Polypoidal choroidal vasculopathy (PCV) is a major subtype of neovascular age-related macular degeneration (nAMD), particularly prevalent in Asian and pigmented populations. While anti-vascular endothelial growth factor (anti-VEGF) therapy has improved outcomes, limitations in durability and incomplete polypoidal lesion regression remain. This review provides an updated synthesis of emerging evidence on newer anti-VEGF agents in PCV management.

Methods

This narrative review synthesizes recent evidence in PCV management, integrating data from clinical trials and emerging real-world studies, with a focus on newer anti-VEGF agents including faricimab (Vabysmo, Roche/Genentech)and aflibercept 8 mg (Eylea HD, Regeneron).

Results

Faricimab, a bispecific antibody targeting VEGFA and angiopoietin-2 (Ang-2), demonstrated non-inferior efficacy compared with aflibercept 2 mg administered every 8 weeks in the TENAYA/LUCERNE trials, with over 70% of patients achieving dosing intervals of ≥ 12 weeks. The SALWEEN study further evaluated faricimab in 135 patients with PCV, reporting robust visual gains (+ 8.9 letters), 61% polypoidal lesion regression, and over 80% of patients achieving ≥ 12-week dosing intervals at 48 weeks. Aflibercept 8 mg, evaluated in the PULSAR trial, demonstrated comparable safety and efficacy with improved anatomical drying and extended dosing intervals (12–16 weeks) compared with aflibercept 2 mg. In a subgroup analysis of 139 eyes with indocyanine green angiography (ICGA)-confirmed PCV, outcomes were consistent with the overall study population, with similar visual and anatomical improvements but reduced injection burden.
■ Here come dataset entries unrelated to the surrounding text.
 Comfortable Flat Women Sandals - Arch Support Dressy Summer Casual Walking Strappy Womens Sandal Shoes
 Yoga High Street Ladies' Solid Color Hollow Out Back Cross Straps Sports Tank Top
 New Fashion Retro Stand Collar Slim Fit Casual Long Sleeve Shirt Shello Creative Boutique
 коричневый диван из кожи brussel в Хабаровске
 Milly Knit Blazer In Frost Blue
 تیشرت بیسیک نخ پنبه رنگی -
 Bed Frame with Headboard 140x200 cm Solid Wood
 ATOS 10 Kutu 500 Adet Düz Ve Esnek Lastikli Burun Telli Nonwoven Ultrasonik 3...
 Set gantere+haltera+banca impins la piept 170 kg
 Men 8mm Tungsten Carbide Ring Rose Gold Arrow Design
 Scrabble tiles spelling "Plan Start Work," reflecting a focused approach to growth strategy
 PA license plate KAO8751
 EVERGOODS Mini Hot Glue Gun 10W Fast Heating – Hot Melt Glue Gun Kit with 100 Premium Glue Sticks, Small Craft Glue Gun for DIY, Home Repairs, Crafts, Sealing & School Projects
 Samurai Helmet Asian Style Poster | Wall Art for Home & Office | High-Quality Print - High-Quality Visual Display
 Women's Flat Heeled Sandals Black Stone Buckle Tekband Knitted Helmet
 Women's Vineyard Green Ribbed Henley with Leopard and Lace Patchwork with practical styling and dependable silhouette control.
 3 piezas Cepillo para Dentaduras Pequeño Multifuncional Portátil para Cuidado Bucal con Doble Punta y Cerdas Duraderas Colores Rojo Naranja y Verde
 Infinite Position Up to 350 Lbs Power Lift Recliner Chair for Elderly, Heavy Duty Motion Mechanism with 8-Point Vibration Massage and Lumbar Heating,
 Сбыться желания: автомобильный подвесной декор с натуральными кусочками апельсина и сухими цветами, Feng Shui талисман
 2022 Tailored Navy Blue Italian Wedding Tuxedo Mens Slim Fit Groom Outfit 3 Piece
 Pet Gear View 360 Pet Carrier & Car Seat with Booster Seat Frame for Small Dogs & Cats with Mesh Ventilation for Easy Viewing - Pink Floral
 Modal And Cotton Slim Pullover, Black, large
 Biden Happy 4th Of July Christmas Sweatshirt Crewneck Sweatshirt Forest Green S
More than 80% of eyes achieved dosing intervals of ≥ 12 weeks at 2 years.

Conclusions

Faricimab and aflibercept 8 mg represent important advances in PCV management, offering more durable treatment options and reducing treatment burden. However, important gaps remain, including limited real-world data for aflibercept 8 mg, absence of head-to-head PCV-specific trials, and uncertainty regarding long-term recurrence and lesion inactivation. These findings support a shift toward increasingly individualized and durable treatment strategies in PCV.